A Spanish regional court has ruled that single parents should get the same amount of parental leave as two-parent households, paving the way for more equality in the country.
Where in the world? Going forward, single parents will receive 12 weeks of mandatory leave, plus an additional 20 weeks, totaling 32 weeks, the same total time that couples receive, according to the New York Times. While the decision is from a regional court, it will likely be cited by other courts across the country.
The ruling could make life easier for the roughly 1.9 million single-parent households in Spain as of 2020.
A November ruling determined that children of single-parent families can not be discriminated against. “It seems indisputable that parents in single-parent families have—at least—the same reconciliation needs as parents in two-parent families,” the ruling said.

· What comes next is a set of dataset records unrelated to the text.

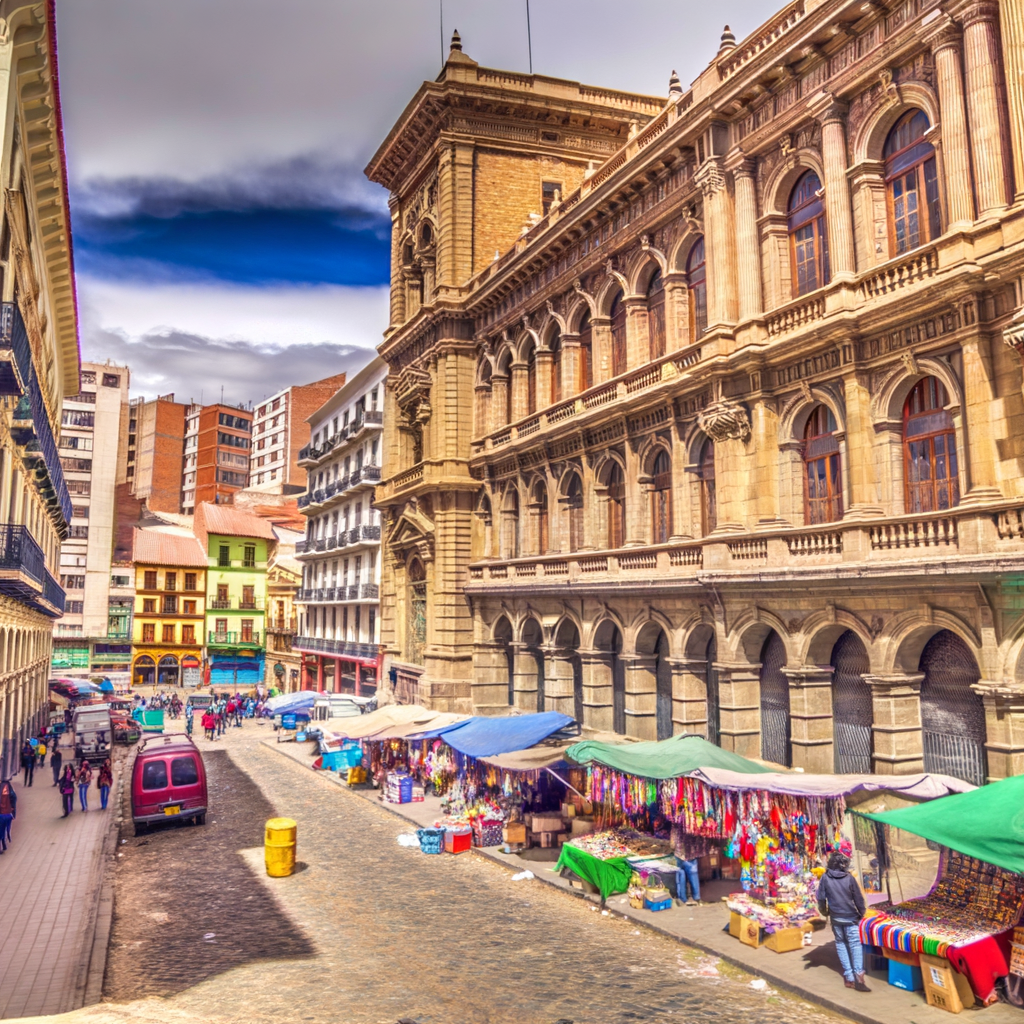 Bolivia: Un viaje a través de La Paz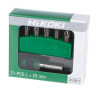 Boîte d'embouts HIKOKI 4100311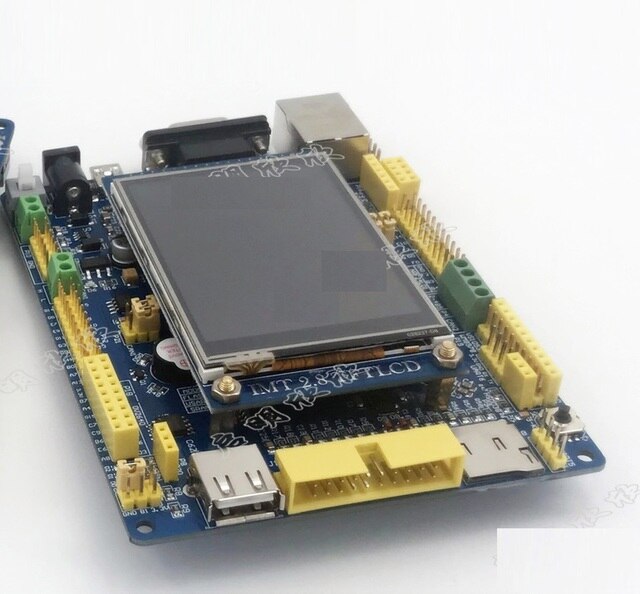 board and 2.8 touch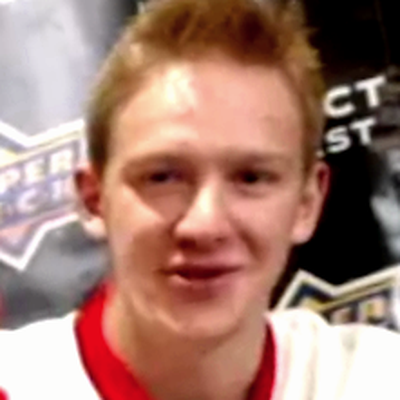 Evgeny Svechnikov Autograph Profile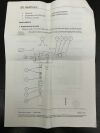 GE DATEX-OHMEDA yearly maintenance kit for compact block ref 8504219-sto Anesthesia Machine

The latest decision came after a single mother’s request for 32 weeks of leave was denied by the government. Silvia Pardo Moreno, who worked part-time, had to put her daughter in daycare at 16 weeks old, weeks before children in two-parent Spanish households.
Advocates said the decision is a victory for single parents and a step toward gender equity, in a country with an average pay gap of roughly €5,000.
“It’s obvious that the duration and intensity of the need to care for a newborn are the same, regardless of the family model into which he or she was born,” the court said.
Satellite view. Spain is not the first country to provide single parents with the same leave as couples. Single-parent households in Australia also receive paid leave equal to two-parent homes. Other European countries, including Sweden and Germany, have similar policies, and Norway also offers single parents annual caregiver leave equal that of their coupled peers.
The progress hasn’t made its way to the US, where single-parent families receive half the amount of leave as two-parent homes, despite having greater needs, according to the advocacy group Unmarried Equality.
According to a report from the Center for Economic and Policy Research, leave should be distributed more equitably for singIe parents. “We could expect more positive outcomes for their children over the life course, which will save society from the costs of neglect and mitigate the effects of an unequal sharing of prosperity.”